The last Conservative Government undertook a consultation exercise on possible proposals to regulate air weapons and these gained a great deal of support from a wide range of civil society organisations, including animal charities such as the RSPB and RSPCA, which frequently report animal cruelty involving air weapon misuse. However, the Government, supported by shooting organisations, declined to take further action. A rising profile of air weapon offences makes a reconsideration of that decision imperative.
Air weapons account for approximately a third of all recorded gun crime offences, that is, in the region of 2,500 offences per year (ONS: HoC Library). This is generally thought to be a significant under-counting as many air weapon offences involving wild animals and domestic pets, as well as criminal damage, go unreported. A former Home Affairs Committee Report referred to the ‘casual cruelty’ of air weapon misuse.
Air weapons offences are most often recorded when the weapon is actually fired (around 80% of the time), rather than simply used to intimidate. It follows that air weapons are responsible for the greatest proportion of firearm-involved injuries. Many of these injuries may well be less serious than those resulting from other firearms but there have been over 35 fatalities (many of them children) resulting from air weapon misuse since 1990, roughly one fatality per year. Scotland introduced air weapon licensing in 2016 and by 2021-22, air weapon offending had fallen to around one third of that in the rest of Great Britain. Clearly, it is time for England and Wales to follow suit.

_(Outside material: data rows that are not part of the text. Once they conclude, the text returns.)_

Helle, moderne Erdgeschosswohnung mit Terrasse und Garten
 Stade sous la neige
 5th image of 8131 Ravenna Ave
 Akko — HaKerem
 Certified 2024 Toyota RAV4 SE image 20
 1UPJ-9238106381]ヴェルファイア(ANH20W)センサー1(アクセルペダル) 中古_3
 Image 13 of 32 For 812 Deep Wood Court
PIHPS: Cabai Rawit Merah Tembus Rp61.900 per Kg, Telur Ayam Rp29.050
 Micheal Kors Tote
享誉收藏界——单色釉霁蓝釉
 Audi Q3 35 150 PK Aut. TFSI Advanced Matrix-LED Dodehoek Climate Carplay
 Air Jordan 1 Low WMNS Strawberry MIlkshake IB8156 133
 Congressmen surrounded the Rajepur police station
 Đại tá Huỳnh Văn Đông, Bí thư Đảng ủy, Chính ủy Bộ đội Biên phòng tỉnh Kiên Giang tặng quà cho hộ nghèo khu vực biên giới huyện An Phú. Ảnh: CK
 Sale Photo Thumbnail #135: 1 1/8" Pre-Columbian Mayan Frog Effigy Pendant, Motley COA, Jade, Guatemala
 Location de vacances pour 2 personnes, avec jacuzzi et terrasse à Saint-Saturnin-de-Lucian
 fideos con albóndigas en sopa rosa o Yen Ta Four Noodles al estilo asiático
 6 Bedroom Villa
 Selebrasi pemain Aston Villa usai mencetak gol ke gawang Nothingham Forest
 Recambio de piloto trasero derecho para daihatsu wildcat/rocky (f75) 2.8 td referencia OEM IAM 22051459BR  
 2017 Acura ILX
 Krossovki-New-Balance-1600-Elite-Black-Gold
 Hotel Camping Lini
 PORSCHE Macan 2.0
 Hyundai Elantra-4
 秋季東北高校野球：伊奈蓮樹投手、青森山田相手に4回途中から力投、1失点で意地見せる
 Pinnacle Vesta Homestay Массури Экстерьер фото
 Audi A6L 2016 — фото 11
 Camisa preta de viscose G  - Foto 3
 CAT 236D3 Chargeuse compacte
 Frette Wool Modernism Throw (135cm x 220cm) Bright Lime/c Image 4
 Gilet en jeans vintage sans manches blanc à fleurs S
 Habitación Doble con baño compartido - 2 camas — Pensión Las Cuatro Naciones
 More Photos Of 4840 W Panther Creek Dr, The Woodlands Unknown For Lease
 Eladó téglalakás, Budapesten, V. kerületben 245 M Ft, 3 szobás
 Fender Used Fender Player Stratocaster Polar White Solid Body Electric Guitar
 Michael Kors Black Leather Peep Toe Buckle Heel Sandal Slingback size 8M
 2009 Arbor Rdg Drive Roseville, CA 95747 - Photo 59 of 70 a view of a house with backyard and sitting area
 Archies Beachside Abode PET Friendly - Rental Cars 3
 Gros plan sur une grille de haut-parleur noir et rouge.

At a time when youth violence involving gangs, knives and firearms so frequently features in our news headlines, we need to take a much more serious view of air weapons. The harm caused by their misuse is consistently underestimated, trivialised or ignored. Yet in today’s complex mixed economy of illegal firearms, air weapons play a key role as ‘entry level’ weapons. The range and variety of air-powered weapons is far wider than it was in 1968 when our primary firearms legislation was passed (the 1968 Firearms Act). Air weapons now come in a variety of powers and some may be converted to increase their energy discharge or to fire live ammunition. All the available research tells us that, in a tight market, offenders access the weaponry they can, and, given their wider availability, air weapons are often the ‘go-to’ entry-level weapons of choice for the would-be violent.
As the Government considers the future of firearm licensing following recent tragedies, it is clearly time for air weapons to be brought within the firearm licensing system.